- **THE TASK**
Transcribe, exactly and in full, every record shown below, while omitting its images.

Saved entries:

--- START ---

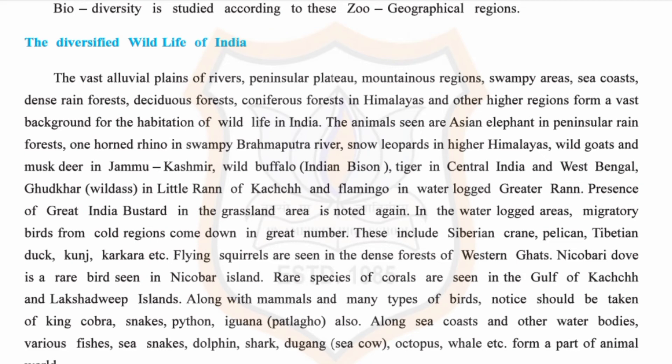In the waterlogged areas, migratory birds from cold regions come in great numbers. These include the Siberian crane, pelican, Tibetan duck, kunj, karkara, and others.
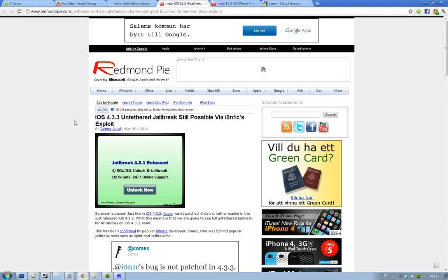Hey guys, status update on iOS 4.3.3. Apple today released it and fixed this location tracking bug.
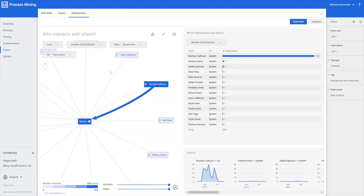This is one of the ways that Mark could use process mining to solve his challenges. Let's have a look at another use case.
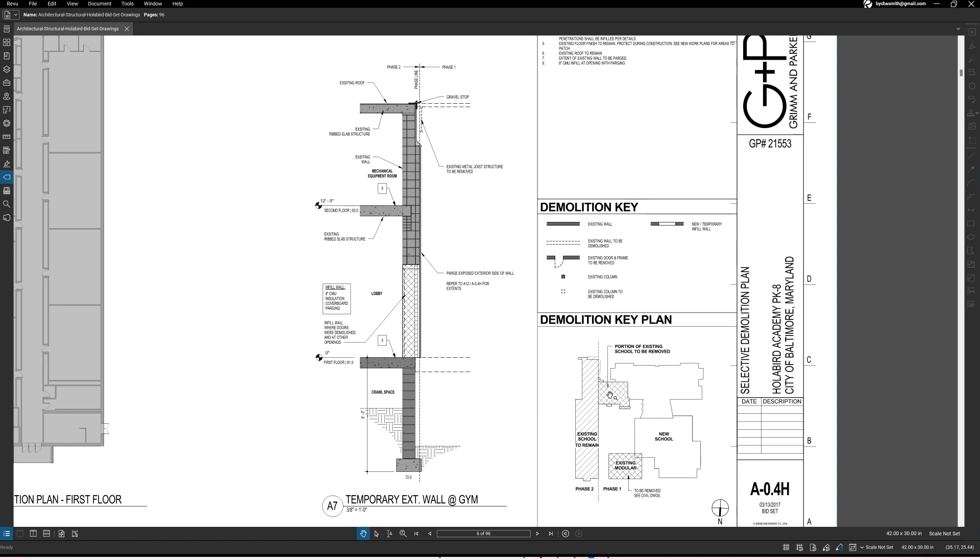Then this portion of the building is going to be removed as well. And then phase two was actually, I can't remember, maybe this was all phase one and phase two was demoing the existing school to remain.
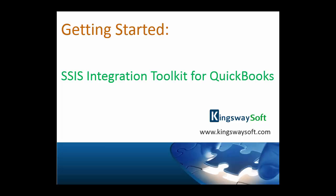Thank you for watching this video from Kingswaysoft. Today, I will be introducing the SSIS Integration Toolkit for QuickBooks.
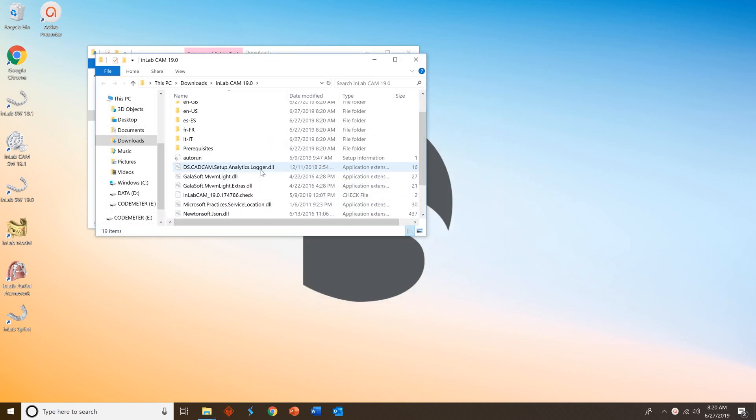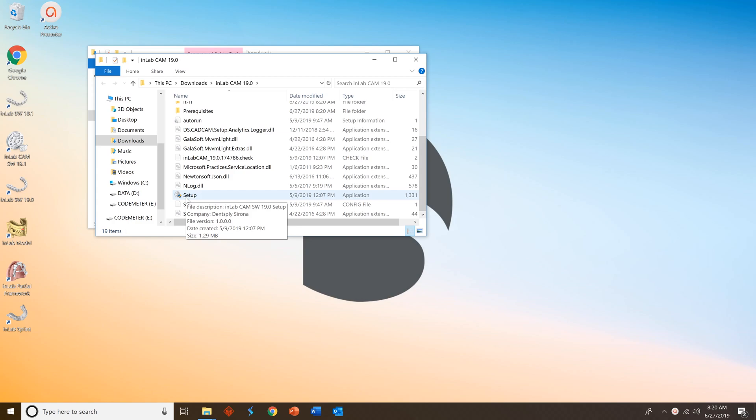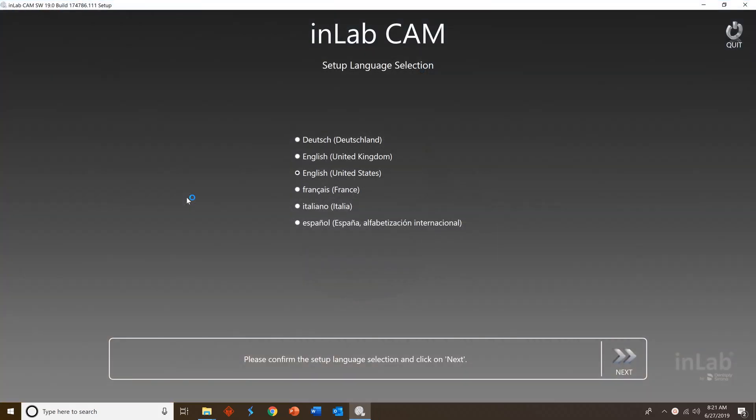Navigate to the setup icon and double-click that to get the process started. The InLab CAM will open and then select your language, in our case English United States, press next.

--- END ---

- **SOLUTION TO THE PROBLEM**
In the waterlogged areas, migratory birds from cold regions come in great numbers. These include the Siberian crane, pelican, Tibetan duck, kunj, karkara, and others.
Hey guys, status update on iOS 4.3.3. Apple today released it and fixed this location tracking bug.
This is one of the ways that Mark could use process mining to solve his challenges. Let's have a look at another use case.
Then this portion of the building is going to be removed as well. And then phase two was actually, I can't remember, maybe this was all phase one and phase two was demoing the existing school to remain.
Thank you for watching this video from Kingswaysoft. Today, I will be introducing the SSIS Integration Toolkit for QuickBooks.
Navigate to the setup icon and double-click that to get the process started. The InLab CAM will open and then select your language, in our case English United States, press next.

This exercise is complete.